Launched in 2017, Lil Mixins offers a solution to blend powders into baby food with almost no effort. Based on new research from the American Academy of Pediatrics (AAP), the product line introduces babies to allergens early and often. Simultaneously, it removes the pressure and time spent on parents who handmix and blend allergens into baby foods multiple times a week. Lil Mixins makes it easy.

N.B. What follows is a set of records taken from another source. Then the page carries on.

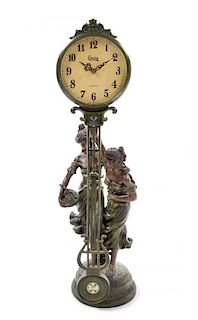 A Crosa Spelter Swing-Arm Mantle Clock Height 25 3/4 inches.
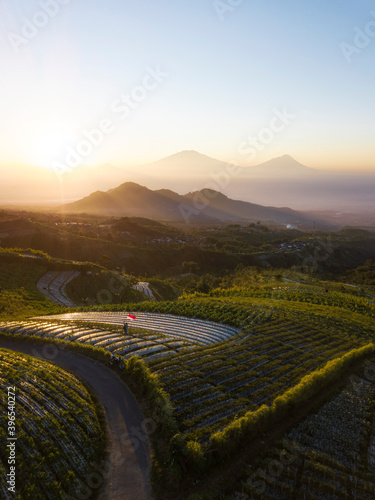Beautiful Sunrise With Mountain View And Indonesian Flag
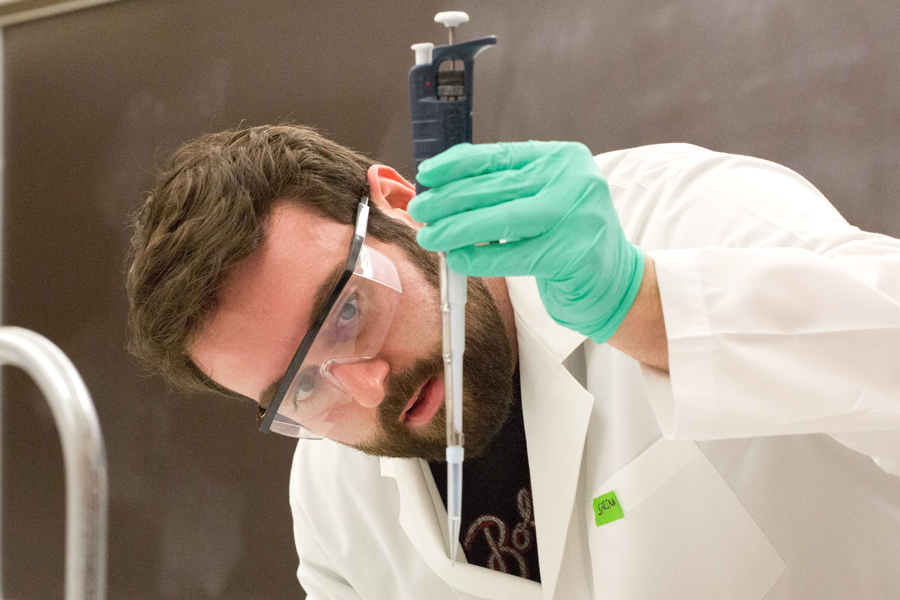 Knox College student in the lab section of a biochemistry class.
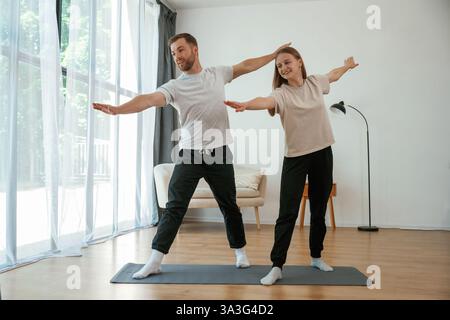 Uomo e donna fanno esercizi di yoga a casa. Foto Stock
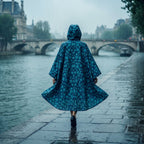 Poncho de pluie à capuche motif fleurs turquoise, une personne vue de dos marche le long d'une rivière.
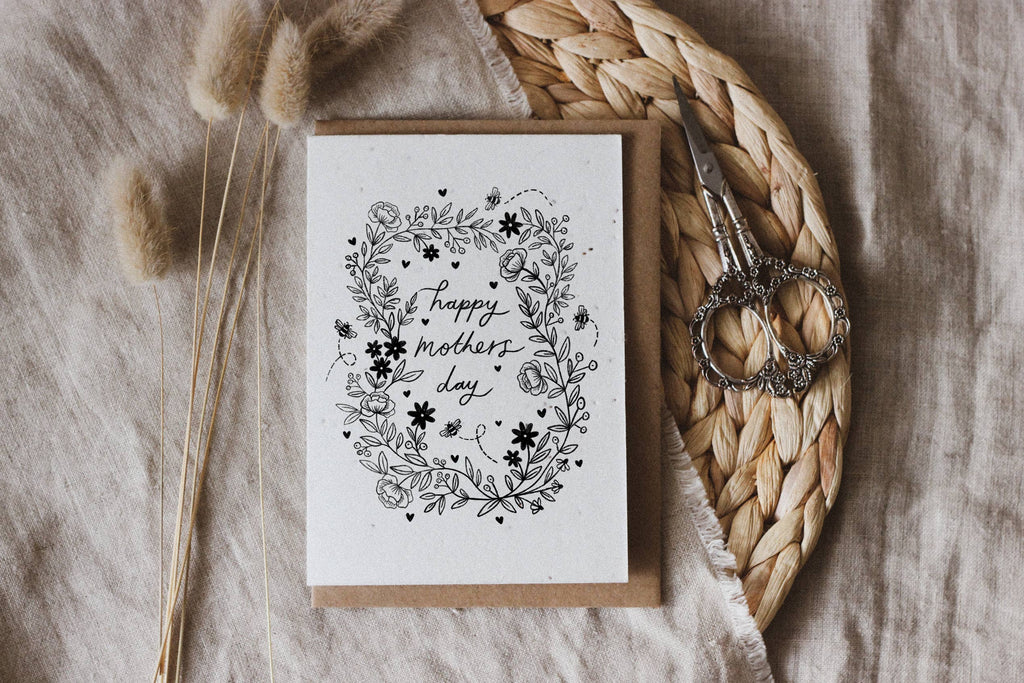 Greeting card with 'Happy Mother's Day' text and floral with bees design on a textured surface with scissors and dried plants.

Meenal is getting the business off the ground with three infant powders, including the pediatrician recommended Infant Peanut Powder. However, there is a lot that Meenal must overcome to take her business to the next level.

In this episode, we talk with Meenal about her journey as an entrepreneur and how she’s mixing it up in the baby food space. We’ll learn how Lil Mixins is bigger than a new product, but rather an introduction of a new market segment that will change consumer habits. To understand the full spectrum of launching this business, we discuss the importance of timing, fundraising and positioning, especially as Meenal navigates this new market segment.

Lil Mixins


Meenal Lele


Mother of two rambunctious kids, Meenal’s oldest son developed multiple food allergies. In the past, it has been recommended that you should wait to introduce allergenic foods to your child. Now, the American Academy of Pediatrics is saying that parents should give allergenic foods to their babies early and often. Meenal used her own experience to develop a line of infant powers that are specifically made to mix in into baby foods.

Featured Product

Lil Mixins just released the newest product of its infant powder line – Egg Powder. It is the most convenient way to feed your baby baked eggs and is designed specifically to be safe for babies.


Meenal is currently fundraising for Lil Mixins. She is seeking an investor that shares her passion for educating health professionals and consumers about the early introduction of allergens in infants as well as help scale the business.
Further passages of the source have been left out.